Vaya por delante que entre mis aficiones se encuentran: la ensaladilla murciana, la poesía, las películas de indios, la lógica formal, las novelas, el vino tinto -y el blanco-, raramente veo algún partido de la Copa de Europa –que tanto me gustaron en el pasado-, los artículos de Javier Marías –si aparece el capitán Alatriste, pues mejor- la relectura de unos pocos textos clásicos de metafísica y las anchoas. Pero a veces salgo de esas rutinas y me siento en alguna sala de cómodas butacas para escuchar a algún conferenciante o alguna mesa redonda sobre temas filosóficos; si el tema no es demasiado abstruso suele resultarme muy placentero. La verdad es que prefiero la filosofía escuchada a leída, porque la lectura suele ser engorrosa y la convierte en árida, difícil, mientras que la palabra viva dulcifica mucho el esfuerzo, y la hace más comprensible y placentera.
Ayer fue uno de esos días, y tocó el liberalismo. Fueron muchas cosas las cosas que allí se dijeron, pero me quedé con una afirmación rotunda –no sé si una boutade: "Botín ha hecho más por el bien de la humanidad que Teresa de Calcuta”, casi estaba convencido de la verdad del, tan aparentemente cínico, aserto. Y, rumiaba, acerca de los bienes del dinero, del liberalismo y del crecimiento “que es siempre sostenible” según el orador. Rumiaba, todo esto, cuando en la noche, visitando mis habituales lugares de la red, comencé a leer acerca de una experiencia que me resultaba muy familiar: un viajero despreocupado contempla el mar rompiendo contra el espigón, y se deleita con la sensación de que “el mundo está bien hecho”. He tenido esta sensación de plenitud “mística” al menos dos veces: ante una sinagoga, y ante el mar rompiendo en un espigón en el mes de septiembre, y la he reconocido de forma más clara en el poema Felicidad en Herat. Pero de repente, al creer advertir el despreocupado turista que su pizza Margarita ha sido cocinada con la sangre tutsi de Rwanda, esta sensación se trocaba en algo muy distinto: “la verdad desagradable asoma” y el paraíso se convertía en infierno en unos instantes, [es curioso que cuando he vuelto a encontrar noticias sobre Herat éstas eran acerca de la guerra y atentados terroristas] y mis elucubraciones liberal-optimistas de la tarde se enfrentaban a un panorama deprimente, y los esfuerzos finales del autor del post por extraer una consecuencia positiva de la desolación solo consiguieron recordarme al Toro de Falaris, cuya versión más perfecta convertía los alaridos de los torturados no en mugidos sino en hermosas melodías..

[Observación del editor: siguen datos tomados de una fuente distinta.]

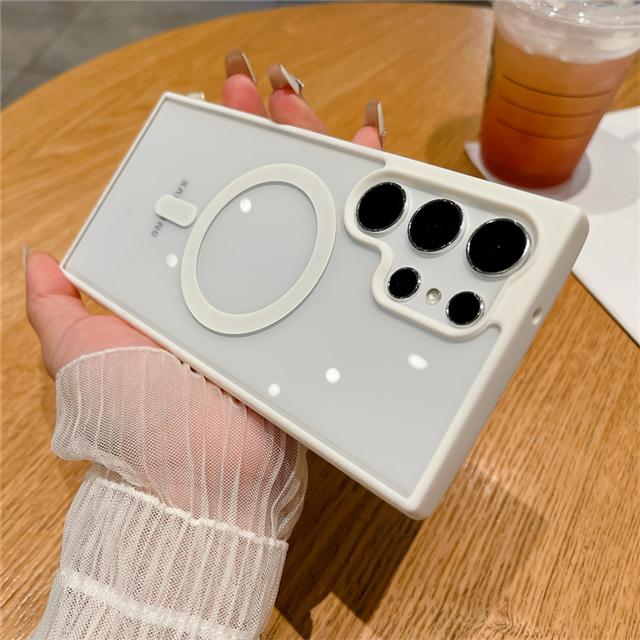For Samsung Galaxy S25 Ultra Luxury Magsafe Magnetic Matte Frame Transparent Phone Case For Samsung S22 S23 S24FE S25 Plus Cover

Pero volvamos a Botín y la madre Teresa. No es nada descabellado admitir que el bienestar humano es más producto del egoísmo y el interés propio que de las obras altruistas de sacrificados individuos. Y que la codicia es un defecto menor comparado con los desmanes del afán de Verdad, de Nación, de Igualdad, de Pureza, de Inmortalidad.
Hasta hace no mucho pensaba yo –con Cioran- que puestos a elegir un verdadero benefactor del género humano deberíamos elegir entre un libertino o un perezoso. Sin embargo ,ahora sé que éstos son, en realidad, verdaderos modelos de felicidad humana, pero que son solo posibles gracias a la laboriosidad de los codiciosos. Auténticos benefactores de la humanidad.